Syknąłem z niesmakiem, zdając sobie sprawę, iż miarowy krok nagle przekształcił się w bieg. A przecież, miałem dać jej czas się „wybawić”, dać okazję do samodzielnego radzenia sobie z przeciwnościami losu. Teraz jednak czułem, jakby łącząca nas nić zmieniła się w napiętą żyłkę rybacką. Rosnąca panika śniącej wabiła niczym hipnotyczna pieśń.
Po jakiś dziesięciu minutach biegu wkroczyłem wąską uliczkę, zastając pod murem karton otoczony przez psią sforę. Zatem psy… Czworonogi coraz ciaśniej otaczały przemoknięty karton, który swoją drogą był naprawdę żałosnym schronieniem. Widać, że czeka nas jeszcze wiele pracy… Kilka psów spostrzegło moją obecność i zaczęło ujadać jeszcze gorliwiej. Szczekanie i warkot mieszały się w jeden irytujący dźwięk. Nie cofnąłem się nawet, mimo iż jakiś owczarek zaczął nacierać na moją osobę. Szybko jednak stracił zapał, gdy tuż przed jego pyskiem świsnął bat. Broń, którą utkałem z cienia, wkraczając w zaułek, po tym, jak rozeznałem się w sytuacji. Ze spokojem, który można było określić mianem upiornego, zbliżałem się do schronienia białowłosej, jednocześnie mierząc kolejne razy batem. Wizg tnący powietrze, wręcz ranił wrażliwe uszy. Dałem jednak pieską szansę na ocalenie skóry, wymierzając ciosy pod łapy kundli. Tylko jeden z ogarów, zarobił krwawą pręgę przez pysk, reszta w porę zrozumiała, że zwierzyna nie jest warta takiego ryzyka. Zatrzymałem się na wysokości rozmokłego kartonu, wpatrując się w psy uciekające ze skowytem. W końcu jednak przeniosłem, spojrzenie wyprane z emocji, ku postaci kulącej się między papierowymi ścianami.
-I co? Zdarzyłaś się już pobawić?
Kilkoma sprawnymi ruchami zwinąłem bat, następnie mocując go przy pasie. A nóż, jeszcze się przyda. Nienawidziłem deszczowej pogody… wprawiała mnie w paskudny nastrój. Budziła wspomnienia, które od lat starałem się wymazać z pamięci, nieskutecznie… Mimo to pozostawałem niewzruszony na chłodne krople rozbijające się o moją skórę. Mokre czarne włosy lepiły mi się do twarzy, skutecznie ograniczając widoczność. Wolną ręką zaczesałem je do tyłu, choć ten zabieg był pomocny tylko, gdy powtarzało się go co parę minut. Denerwujące… Czekałem jednak, na uwolnienie kolejnej fali strachu, ze strony uciekinierki, której znów przyszło mierzyć się z łowcą.
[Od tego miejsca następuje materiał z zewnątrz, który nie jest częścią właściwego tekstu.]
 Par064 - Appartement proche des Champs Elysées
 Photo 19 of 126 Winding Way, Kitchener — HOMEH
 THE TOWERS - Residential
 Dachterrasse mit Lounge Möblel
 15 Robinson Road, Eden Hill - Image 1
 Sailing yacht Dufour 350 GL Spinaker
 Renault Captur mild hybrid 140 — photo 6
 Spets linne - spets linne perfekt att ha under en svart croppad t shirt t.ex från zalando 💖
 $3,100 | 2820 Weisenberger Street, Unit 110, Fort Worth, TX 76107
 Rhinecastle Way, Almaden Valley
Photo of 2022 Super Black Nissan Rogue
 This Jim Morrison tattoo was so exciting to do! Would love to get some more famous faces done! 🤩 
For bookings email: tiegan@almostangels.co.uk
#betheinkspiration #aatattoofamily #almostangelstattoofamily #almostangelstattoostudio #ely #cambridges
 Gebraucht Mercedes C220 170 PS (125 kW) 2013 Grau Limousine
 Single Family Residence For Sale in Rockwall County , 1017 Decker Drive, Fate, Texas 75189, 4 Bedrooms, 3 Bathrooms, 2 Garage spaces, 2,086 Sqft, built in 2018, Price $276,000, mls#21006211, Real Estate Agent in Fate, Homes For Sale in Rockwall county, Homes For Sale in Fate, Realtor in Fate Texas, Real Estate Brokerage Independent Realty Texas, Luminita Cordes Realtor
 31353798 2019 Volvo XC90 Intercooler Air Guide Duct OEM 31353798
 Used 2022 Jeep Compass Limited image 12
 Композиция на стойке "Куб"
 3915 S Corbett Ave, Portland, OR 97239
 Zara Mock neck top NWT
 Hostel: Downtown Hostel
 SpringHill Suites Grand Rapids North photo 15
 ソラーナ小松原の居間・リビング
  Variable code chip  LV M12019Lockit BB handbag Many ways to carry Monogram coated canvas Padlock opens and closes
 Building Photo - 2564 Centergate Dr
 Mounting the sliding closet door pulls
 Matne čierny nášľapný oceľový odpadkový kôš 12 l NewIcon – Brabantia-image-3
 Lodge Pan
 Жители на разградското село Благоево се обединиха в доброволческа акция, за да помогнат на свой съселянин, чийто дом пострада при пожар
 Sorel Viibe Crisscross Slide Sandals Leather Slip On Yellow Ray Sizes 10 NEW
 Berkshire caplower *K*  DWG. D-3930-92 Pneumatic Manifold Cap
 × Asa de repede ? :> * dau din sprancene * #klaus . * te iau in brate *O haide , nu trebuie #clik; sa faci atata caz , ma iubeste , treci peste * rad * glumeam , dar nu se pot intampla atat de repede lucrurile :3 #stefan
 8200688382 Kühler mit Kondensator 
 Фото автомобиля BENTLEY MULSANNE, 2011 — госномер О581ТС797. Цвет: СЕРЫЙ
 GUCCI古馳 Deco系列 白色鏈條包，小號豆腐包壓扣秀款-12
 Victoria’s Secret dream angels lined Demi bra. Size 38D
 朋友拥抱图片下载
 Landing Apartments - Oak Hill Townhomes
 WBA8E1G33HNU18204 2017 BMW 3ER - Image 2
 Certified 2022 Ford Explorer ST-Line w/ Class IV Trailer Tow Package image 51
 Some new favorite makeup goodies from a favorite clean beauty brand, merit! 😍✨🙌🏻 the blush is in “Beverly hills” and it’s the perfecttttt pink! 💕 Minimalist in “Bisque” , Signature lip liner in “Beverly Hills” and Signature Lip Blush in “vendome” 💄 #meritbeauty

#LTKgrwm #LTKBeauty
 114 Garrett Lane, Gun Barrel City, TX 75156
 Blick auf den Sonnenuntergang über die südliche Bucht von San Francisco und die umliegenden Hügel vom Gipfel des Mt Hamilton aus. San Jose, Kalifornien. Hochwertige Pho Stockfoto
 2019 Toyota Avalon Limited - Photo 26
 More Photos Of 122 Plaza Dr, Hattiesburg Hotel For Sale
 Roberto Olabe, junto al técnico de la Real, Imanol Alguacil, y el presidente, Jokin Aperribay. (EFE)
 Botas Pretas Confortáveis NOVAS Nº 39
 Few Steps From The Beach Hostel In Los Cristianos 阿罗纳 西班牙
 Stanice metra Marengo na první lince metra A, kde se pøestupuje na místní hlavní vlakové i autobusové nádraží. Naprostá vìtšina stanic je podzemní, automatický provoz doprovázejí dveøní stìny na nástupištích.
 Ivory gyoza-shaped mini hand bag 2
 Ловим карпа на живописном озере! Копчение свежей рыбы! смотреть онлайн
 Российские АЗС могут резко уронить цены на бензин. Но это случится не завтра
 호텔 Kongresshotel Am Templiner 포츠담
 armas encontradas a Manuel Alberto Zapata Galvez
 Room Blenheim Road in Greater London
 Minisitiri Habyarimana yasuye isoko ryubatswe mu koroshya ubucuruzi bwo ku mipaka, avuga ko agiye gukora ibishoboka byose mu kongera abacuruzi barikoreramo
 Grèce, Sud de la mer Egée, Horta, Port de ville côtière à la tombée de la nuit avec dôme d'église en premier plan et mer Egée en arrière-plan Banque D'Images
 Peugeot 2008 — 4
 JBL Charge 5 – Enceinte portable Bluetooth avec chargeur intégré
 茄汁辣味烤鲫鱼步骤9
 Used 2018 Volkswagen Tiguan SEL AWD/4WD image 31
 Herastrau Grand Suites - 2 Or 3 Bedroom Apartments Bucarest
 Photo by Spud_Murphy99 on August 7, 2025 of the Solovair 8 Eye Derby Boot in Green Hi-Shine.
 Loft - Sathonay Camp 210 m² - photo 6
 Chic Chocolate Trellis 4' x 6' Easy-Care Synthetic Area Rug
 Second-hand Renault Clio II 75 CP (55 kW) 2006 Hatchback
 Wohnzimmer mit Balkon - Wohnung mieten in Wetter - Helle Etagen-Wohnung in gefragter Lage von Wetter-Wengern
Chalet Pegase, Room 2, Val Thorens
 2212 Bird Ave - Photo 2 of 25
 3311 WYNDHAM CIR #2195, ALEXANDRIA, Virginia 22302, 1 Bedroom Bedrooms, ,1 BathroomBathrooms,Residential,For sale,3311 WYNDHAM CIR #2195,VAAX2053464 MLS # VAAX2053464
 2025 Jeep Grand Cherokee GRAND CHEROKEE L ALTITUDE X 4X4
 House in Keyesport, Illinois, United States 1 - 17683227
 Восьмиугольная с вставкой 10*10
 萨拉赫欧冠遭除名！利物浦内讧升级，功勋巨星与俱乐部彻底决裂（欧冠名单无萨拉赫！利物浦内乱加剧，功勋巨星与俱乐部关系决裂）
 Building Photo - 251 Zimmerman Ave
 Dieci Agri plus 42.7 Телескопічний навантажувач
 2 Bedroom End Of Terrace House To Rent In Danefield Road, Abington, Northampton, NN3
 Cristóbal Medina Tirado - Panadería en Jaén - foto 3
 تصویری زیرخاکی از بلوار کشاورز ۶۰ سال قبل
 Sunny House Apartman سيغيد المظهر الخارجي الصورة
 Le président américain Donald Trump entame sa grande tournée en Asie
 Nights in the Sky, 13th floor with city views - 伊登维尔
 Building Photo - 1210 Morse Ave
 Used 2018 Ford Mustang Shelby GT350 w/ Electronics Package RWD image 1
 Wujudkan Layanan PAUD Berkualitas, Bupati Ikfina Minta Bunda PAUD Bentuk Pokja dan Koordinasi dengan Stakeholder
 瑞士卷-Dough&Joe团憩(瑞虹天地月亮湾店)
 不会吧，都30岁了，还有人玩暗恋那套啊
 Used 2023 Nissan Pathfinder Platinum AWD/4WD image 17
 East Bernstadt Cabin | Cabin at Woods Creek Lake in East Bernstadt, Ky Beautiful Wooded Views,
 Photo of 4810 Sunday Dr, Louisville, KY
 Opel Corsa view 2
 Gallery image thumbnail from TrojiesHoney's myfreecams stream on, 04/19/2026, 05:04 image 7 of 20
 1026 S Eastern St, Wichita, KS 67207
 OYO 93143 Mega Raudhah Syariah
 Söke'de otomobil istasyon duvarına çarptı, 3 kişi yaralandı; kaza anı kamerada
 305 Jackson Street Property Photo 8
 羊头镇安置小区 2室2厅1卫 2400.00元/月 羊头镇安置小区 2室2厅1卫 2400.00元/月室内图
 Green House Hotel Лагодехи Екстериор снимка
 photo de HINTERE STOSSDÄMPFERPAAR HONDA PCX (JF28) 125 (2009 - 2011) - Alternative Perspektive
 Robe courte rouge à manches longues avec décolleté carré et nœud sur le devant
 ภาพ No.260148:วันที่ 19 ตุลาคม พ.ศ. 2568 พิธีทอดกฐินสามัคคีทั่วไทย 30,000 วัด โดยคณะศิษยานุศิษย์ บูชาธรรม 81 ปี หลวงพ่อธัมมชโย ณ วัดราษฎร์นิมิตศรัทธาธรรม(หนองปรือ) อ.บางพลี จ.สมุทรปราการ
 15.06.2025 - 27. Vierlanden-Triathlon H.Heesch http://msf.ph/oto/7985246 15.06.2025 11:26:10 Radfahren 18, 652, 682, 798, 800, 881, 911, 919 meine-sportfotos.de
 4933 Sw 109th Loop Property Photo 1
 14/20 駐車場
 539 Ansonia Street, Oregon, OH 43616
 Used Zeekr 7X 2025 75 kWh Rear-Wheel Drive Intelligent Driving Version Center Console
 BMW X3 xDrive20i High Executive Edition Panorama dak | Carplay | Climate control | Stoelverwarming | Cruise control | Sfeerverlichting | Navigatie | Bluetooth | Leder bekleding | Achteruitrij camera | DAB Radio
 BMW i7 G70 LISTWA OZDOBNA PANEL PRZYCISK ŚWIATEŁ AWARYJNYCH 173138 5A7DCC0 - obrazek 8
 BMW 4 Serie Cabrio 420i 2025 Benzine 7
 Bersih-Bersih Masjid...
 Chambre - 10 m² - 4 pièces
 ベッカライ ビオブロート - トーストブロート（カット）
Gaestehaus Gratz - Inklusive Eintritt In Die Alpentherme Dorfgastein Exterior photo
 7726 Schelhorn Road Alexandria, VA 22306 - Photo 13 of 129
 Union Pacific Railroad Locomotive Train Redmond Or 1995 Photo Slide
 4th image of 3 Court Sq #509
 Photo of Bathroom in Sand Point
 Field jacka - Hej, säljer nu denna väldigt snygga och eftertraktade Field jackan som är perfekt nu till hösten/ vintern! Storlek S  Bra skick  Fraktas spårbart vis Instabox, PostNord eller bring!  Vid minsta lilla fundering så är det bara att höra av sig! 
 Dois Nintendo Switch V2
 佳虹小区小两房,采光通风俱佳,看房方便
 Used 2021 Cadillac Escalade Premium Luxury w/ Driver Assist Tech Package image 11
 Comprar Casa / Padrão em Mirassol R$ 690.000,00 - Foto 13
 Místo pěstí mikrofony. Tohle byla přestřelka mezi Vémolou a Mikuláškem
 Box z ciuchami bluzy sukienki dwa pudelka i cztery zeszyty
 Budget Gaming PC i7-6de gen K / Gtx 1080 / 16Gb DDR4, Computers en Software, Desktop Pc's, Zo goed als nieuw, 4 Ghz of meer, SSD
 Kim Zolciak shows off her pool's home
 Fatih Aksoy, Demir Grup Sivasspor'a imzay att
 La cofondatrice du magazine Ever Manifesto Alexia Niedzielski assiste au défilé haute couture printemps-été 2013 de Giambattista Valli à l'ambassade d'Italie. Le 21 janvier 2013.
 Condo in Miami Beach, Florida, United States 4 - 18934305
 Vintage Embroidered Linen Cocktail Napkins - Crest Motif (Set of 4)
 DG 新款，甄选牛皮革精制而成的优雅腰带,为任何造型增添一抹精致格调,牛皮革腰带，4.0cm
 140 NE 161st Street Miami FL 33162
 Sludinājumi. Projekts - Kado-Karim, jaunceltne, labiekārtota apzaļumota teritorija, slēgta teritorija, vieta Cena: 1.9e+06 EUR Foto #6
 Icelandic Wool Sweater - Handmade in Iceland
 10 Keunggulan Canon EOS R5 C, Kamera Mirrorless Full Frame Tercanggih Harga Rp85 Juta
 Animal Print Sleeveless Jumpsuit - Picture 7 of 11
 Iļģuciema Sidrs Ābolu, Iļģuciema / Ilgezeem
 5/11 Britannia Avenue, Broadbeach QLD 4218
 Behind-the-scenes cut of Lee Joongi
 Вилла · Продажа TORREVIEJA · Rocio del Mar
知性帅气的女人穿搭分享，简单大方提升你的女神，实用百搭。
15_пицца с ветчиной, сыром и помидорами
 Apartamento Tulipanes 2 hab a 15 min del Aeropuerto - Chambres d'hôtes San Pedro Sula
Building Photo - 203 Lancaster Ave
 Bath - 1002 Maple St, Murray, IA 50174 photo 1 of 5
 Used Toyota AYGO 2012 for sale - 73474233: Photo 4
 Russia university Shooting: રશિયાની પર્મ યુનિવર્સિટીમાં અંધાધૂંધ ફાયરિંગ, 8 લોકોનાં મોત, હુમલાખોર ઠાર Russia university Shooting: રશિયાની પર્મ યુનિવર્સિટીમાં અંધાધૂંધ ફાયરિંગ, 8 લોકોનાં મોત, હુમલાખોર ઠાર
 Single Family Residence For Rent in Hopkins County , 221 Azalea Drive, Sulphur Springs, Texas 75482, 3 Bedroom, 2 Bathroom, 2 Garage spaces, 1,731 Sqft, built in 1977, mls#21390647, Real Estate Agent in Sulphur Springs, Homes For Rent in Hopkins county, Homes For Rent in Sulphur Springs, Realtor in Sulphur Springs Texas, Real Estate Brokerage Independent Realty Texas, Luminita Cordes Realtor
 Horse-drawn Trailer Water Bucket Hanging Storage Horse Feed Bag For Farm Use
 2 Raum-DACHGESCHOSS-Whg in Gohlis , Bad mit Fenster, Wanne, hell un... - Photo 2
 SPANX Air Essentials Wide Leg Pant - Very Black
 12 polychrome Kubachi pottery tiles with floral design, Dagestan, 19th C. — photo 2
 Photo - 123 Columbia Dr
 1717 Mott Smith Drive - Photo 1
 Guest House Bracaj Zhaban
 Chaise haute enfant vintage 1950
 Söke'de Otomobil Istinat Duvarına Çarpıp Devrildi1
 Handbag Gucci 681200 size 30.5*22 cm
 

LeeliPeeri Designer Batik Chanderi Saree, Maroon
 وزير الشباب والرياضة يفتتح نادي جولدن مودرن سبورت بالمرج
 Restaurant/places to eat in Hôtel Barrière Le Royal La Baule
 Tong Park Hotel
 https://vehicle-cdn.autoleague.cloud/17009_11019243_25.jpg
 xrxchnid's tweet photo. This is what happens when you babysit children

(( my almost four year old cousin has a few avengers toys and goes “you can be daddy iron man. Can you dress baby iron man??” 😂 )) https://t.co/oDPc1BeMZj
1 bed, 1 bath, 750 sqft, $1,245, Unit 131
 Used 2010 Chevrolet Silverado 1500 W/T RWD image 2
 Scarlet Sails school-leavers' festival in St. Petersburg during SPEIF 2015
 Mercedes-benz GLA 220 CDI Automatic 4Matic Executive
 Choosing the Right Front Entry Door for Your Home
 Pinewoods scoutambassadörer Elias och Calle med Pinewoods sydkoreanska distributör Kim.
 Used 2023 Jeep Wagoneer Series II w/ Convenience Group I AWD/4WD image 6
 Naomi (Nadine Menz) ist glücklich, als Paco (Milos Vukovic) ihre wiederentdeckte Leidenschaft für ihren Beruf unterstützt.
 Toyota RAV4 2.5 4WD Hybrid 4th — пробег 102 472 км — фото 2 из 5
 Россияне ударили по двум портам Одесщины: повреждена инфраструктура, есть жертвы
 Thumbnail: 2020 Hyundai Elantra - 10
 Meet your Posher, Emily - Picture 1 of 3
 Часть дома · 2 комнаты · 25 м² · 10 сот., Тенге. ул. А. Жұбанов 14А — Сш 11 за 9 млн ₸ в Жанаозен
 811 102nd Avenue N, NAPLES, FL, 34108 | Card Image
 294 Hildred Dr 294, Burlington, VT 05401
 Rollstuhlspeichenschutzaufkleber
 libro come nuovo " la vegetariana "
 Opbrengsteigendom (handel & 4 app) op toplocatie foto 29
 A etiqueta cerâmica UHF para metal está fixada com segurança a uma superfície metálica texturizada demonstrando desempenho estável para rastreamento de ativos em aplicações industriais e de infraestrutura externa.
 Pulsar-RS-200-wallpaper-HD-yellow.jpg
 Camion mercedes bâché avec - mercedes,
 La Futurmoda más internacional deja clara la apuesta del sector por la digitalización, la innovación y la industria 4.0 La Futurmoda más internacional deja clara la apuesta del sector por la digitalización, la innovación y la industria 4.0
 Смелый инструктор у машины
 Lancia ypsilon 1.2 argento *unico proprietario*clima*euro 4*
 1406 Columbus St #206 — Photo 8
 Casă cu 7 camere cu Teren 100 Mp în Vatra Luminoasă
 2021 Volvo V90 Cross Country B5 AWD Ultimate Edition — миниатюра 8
Rim - 19 Kwiecień 2018, 22:01

Siedziała zamknięta w pudle. Za wejściem, które na pewno nie chroniło jej za bardzo przed niczym, w szczególności przed wściekłymi, pewnie głodnymi psami. Chyba nawet wuja nie bała się aż tak bardzo jak psów. Z nim jakoś dawała radę żyć przez całe życie, a z psami nie dałaby rady. Wiedziała co denerwuje wuja, ale nie miała najmniejszego pojęcia jak zachować się przy jakimś psiaku. Tym bardziej, jeśli na nią warczał, szczerzył kły i chciał ją pożreć. Wuj zawsze ją straszył, że zaopatrzy się w kundla i odda mu ją jako zabawkę, jeśli nie zacznie się zachowywać tak jak powinna. Pewnie dlatego tak panicznie się bała. I dlatego, że widziała raz jak psy rozszarpały jednego chłopca. Nie chciała tak skończyć.
Nagle usłyszała jak psy się trochę oddalają. Zaczęły ujadać w inną stronę. Skuliła się bardziej i pisnęła cicho, słysząc uderzenie bata. Psy zaskomlały i po chwili uciekły. Chyba...Miała nadzieję, że uciekły. Bo mimo iż nie lubiła ich to nie chciała im robić krzywdy. Nikomu nie chciała, po prostu nie potrafiła.
Spojrzała zapłakanymi oczami na mężczyznę, gdy ten zajrzał do pudła. Przyglądała się mu chwilę i nawet nie dotarło do niej co takiego powiedział. Po chwili zerwała się i po prostu rzuciła na niego. Przytuliła się do niego i rozpłakała mu w ubrania. Cała się trzęsła i trzymała materiał ubrań kurczowo swoimi rączkami. Była roztrzęsiona i widać obecność czerwonookiego nie była teraz dla niej tak zła jak obecność tych pchlarzy z przed chwili. Bała się i to strasznie. Nie zważała na deszcz i chyba uznała, że lepiej trzymać się bruneta, że on ją obroni.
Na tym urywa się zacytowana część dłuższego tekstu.